**Task to carry out**
After finding the line with "Desenhos de Papai Noel para colorir", restate it and each remaining line of the material word for word, omitting every picture.

****************

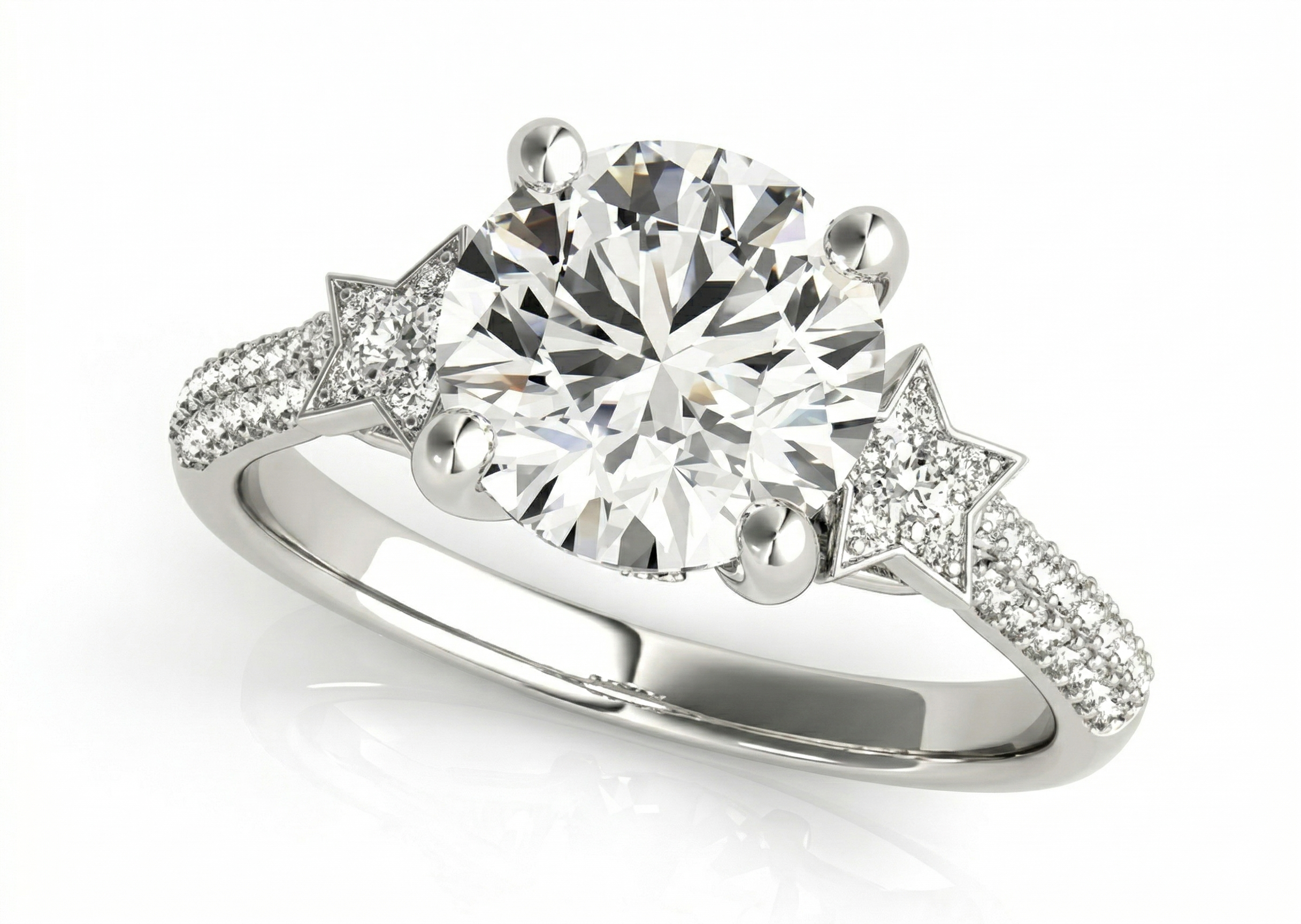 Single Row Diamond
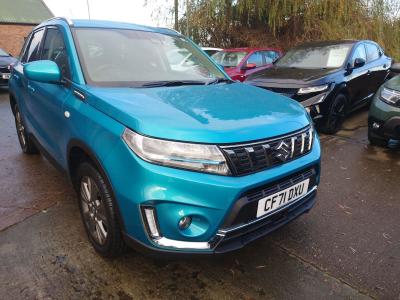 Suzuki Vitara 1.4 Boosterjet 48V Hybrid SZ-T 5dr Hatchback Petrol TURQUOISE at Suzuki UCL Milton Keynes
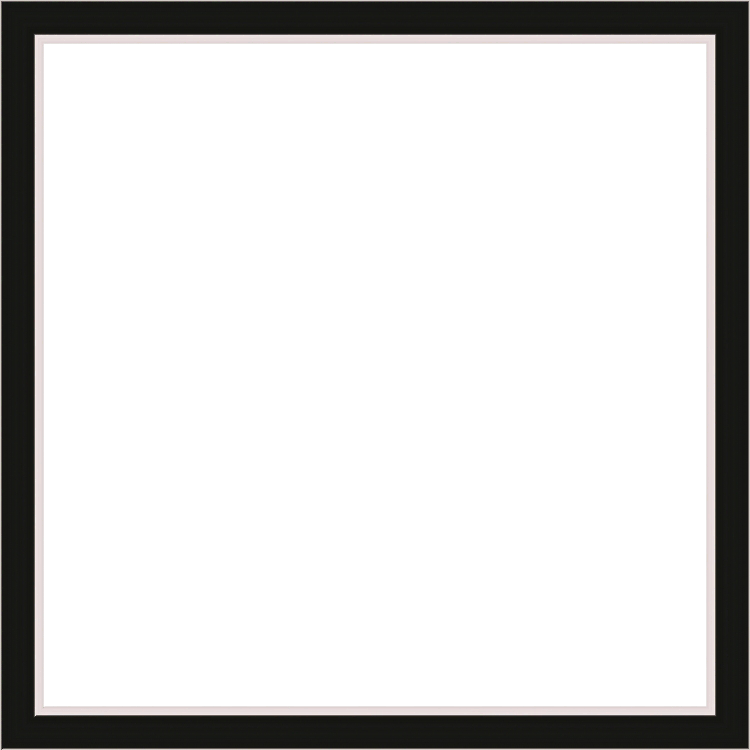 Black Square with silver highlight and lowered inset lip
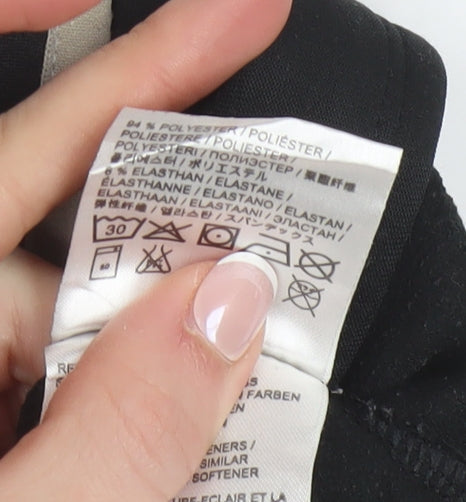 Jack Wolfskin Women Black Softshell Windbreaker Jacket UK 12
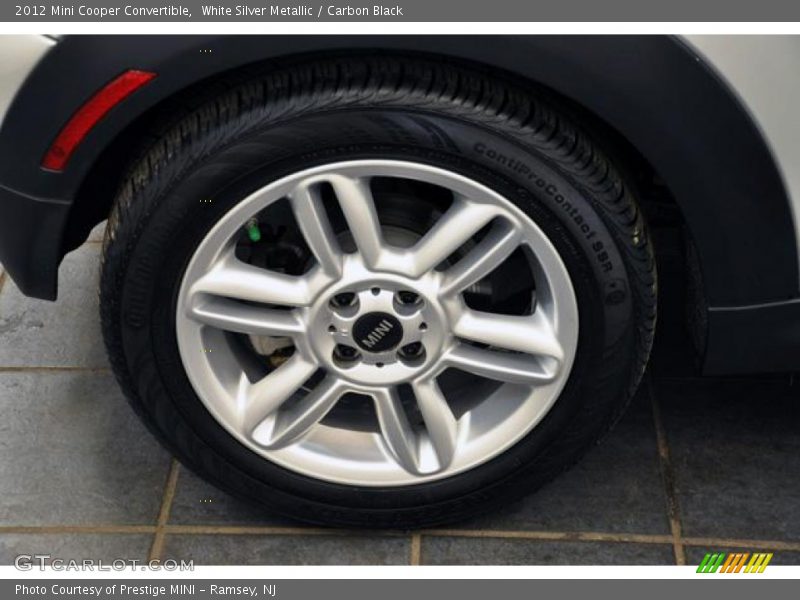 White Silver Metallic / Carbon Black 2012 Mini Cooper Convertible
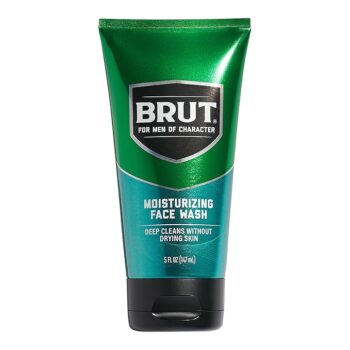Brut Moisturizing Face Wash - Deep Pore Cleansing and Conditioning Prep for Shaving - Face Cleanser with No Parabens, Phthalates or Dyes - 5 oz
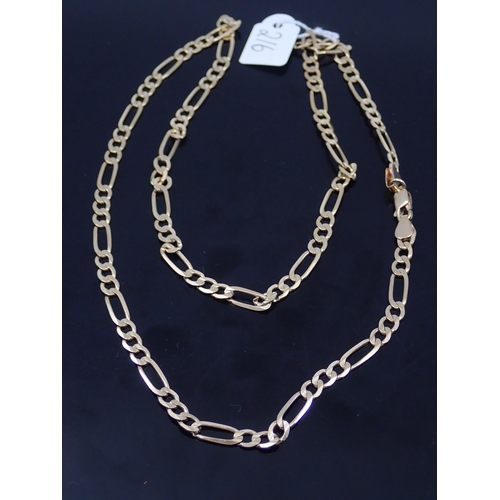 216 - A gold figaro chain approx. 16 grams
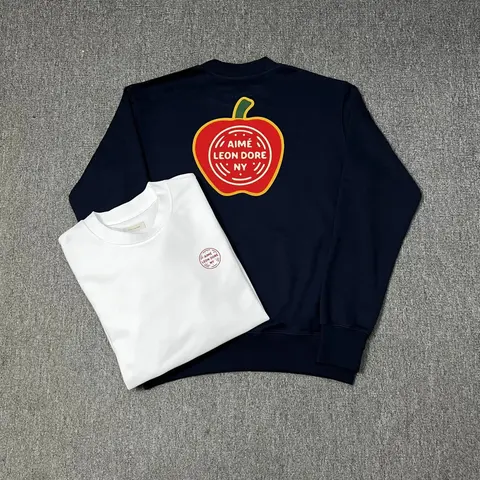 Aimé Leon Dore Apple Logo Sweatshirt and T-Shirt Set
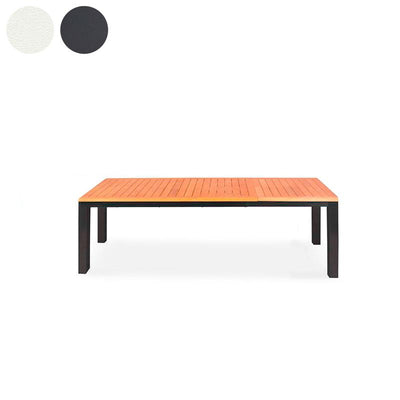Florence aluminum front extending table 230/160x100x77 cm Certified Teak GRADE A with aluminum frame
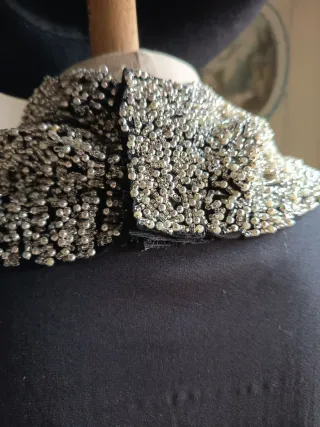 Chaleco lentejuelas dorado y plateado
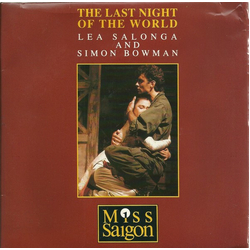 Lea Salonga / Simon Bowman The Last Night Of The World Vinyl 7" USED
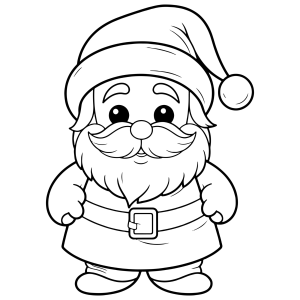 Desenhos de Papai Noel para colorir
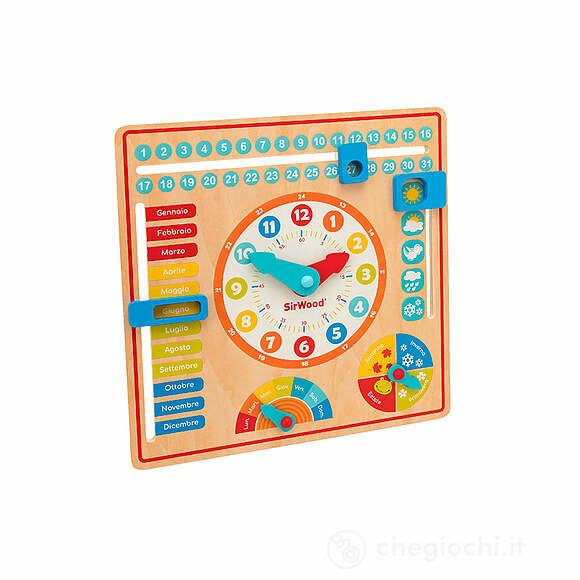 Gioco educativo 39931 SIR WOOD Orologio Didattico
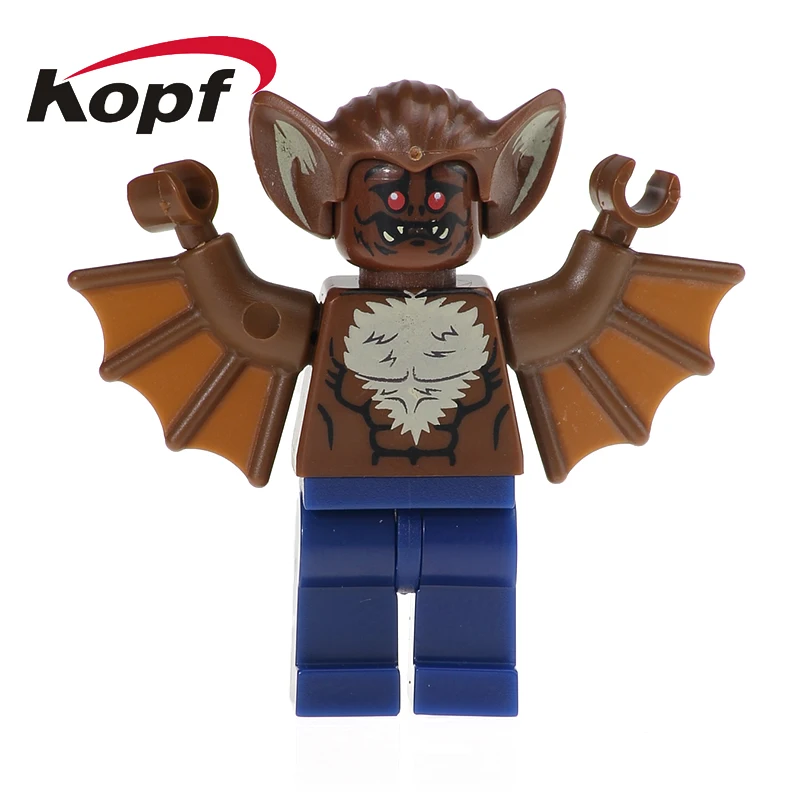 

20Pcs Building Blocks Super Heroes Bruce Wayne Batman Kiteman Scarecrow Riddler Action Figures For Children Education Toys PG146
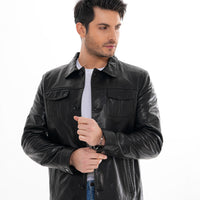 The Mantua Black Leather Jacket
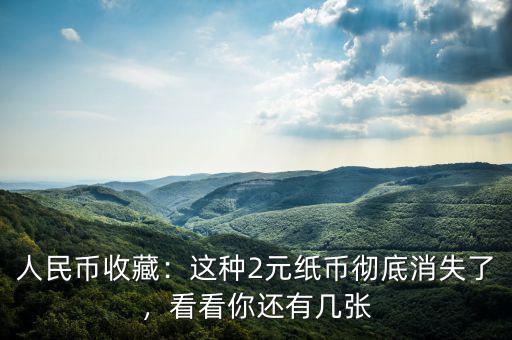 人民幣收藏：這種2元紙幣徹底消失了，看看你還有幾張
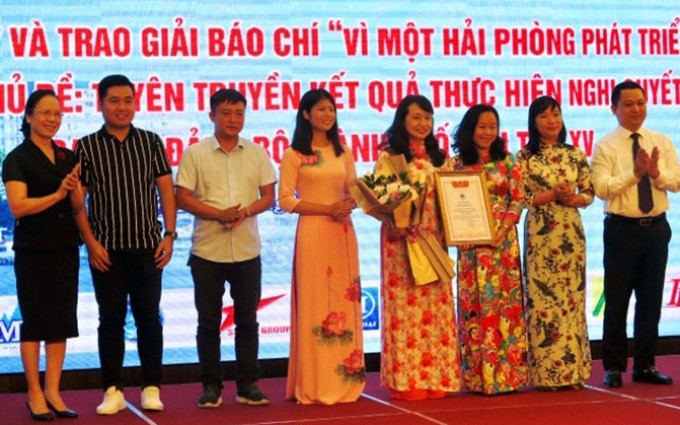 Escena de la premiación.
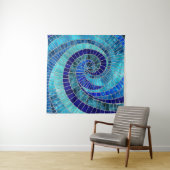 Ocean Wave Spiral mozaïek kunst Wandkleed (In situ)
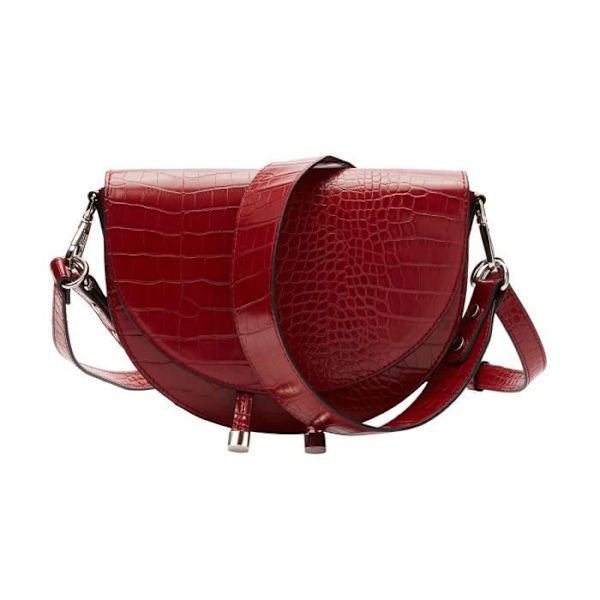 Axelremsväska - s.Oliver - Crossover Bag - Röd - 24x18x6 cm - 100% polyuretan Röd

****************

**Task solution**
 Desenhos de Papai Noel para colorir
 Gioco educativo 39931 SIR WOOD Orologio Didattico

20Pcs Building Blocks Super Heroes Bruce Wayne Batman Kiteman Scarecrow Riddler Action Figures For Children Education Toys PG146
 The Mantua Black Leather Jacket
 人民幣收藏：這種2元紙幣徹底消失了，看看你還有幾張
 Escena de la premiación.
 Ocean Wave Spiral mozaïek kunst Wandkleed (In situ)
 Axelremsväska - s.Oliver - Crossover Bag - Röd - 24x18x6 cm - 100% polyuretan Röd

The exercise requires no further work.